Q: Any chance for some newer sports cars and sports car prototypes like the Audi R8, Panoz, etc. etc. and Maserati MC12, Ferrari 355, etc. etc.?
A: New sports cars: Ford GT. The rest on your list NO!


----------



## TK Solver (Mar 18, 2004)

That was a refreshing bucket of ice water!


----------



## Montoya1 (May 14, 2004)

Any plans to do an in-line plastic chassis?


----------



## vaBcHRog (Feb 19, 2003)

hankster said:


> Below are the answers from Tom for a few of the questions I forwarded to him.
> 
> Q: Since the original Aurora chassis has been out of trademark protection for some time, why was the decision made to manufacture your chassis similar to the Aurora chassis, but not to make an exact copy?
> A: The instructions were to copy it exactly and I believe it is pretty close. What was missed? Why does it need to be exactly anyways? If I made it exactly how many more would I sell?

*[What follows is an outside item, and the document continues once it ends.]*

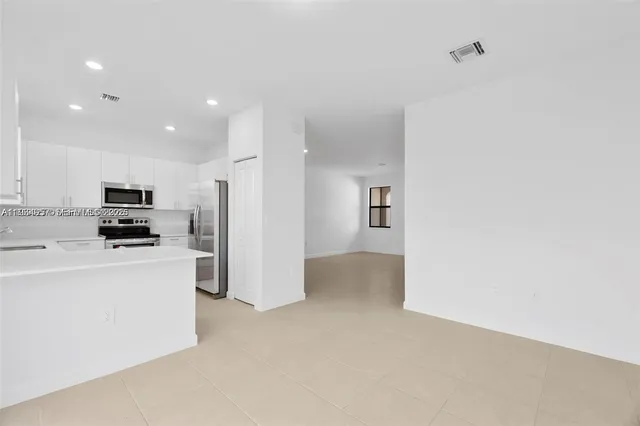 a kitchen with stainless steel appliances a stove sink and microwave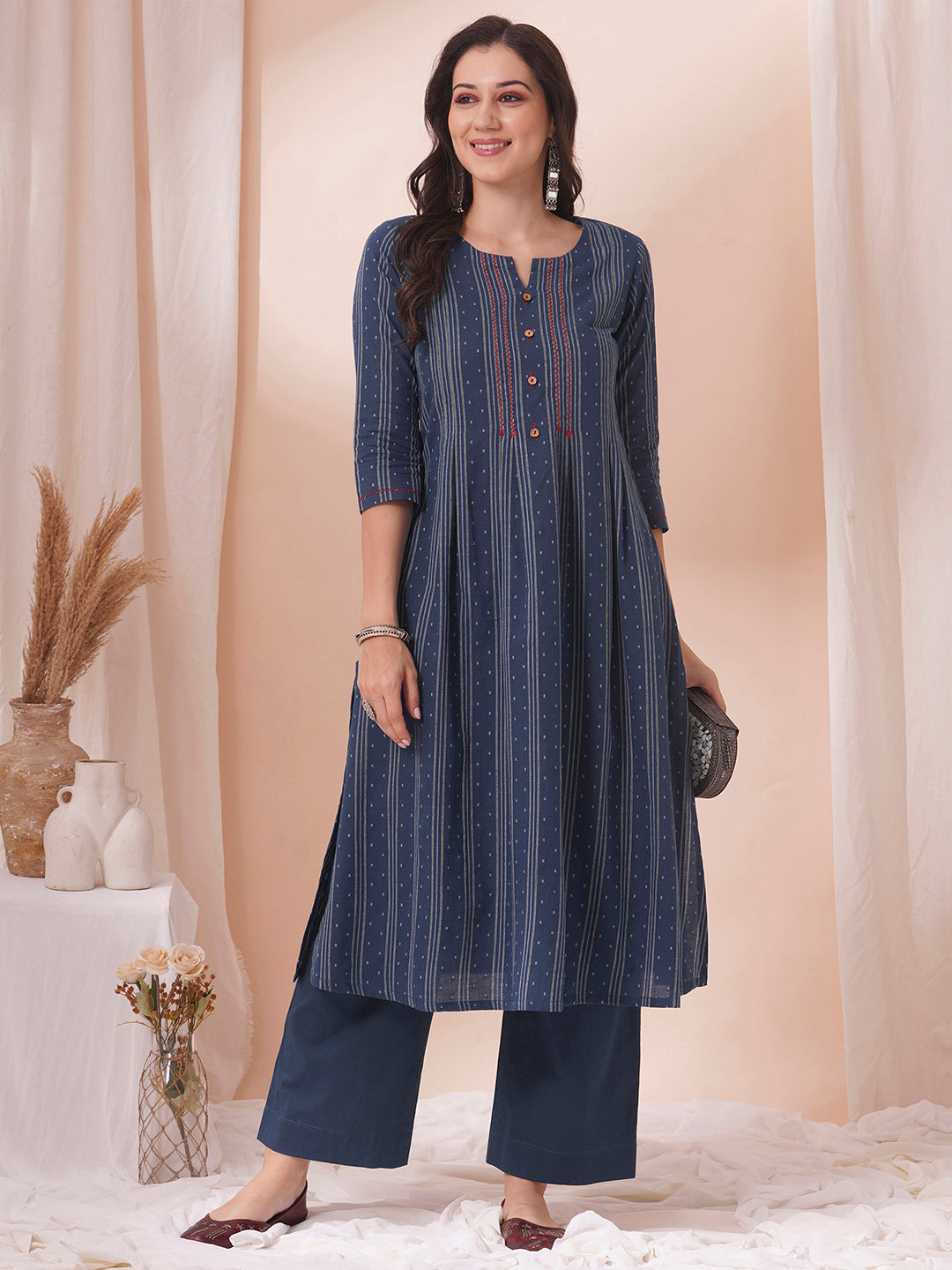 Box pleated dobby kurta in A-Line fit with hand embroidery and pocket.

 The main thing that was missed? The wheel base was off just enough so when you lowered the body down for modeling or racing purposes it ws very noticable.

Thank a million for taking the time to answer our questions and for the slot car you have made and will make.

Also thank you to Hankster for getting these to Tom then back to us -

Roger Corrie
Virginia Beach, VA


----------



## hankster (Jan 1, 1998)

Thanks Roger... I've passed your feedback back to Tom.


----------



## Montoya1 (May 14, 2004)

hankster said:


> Thanks Roger... I've passed your feedback back to Tom.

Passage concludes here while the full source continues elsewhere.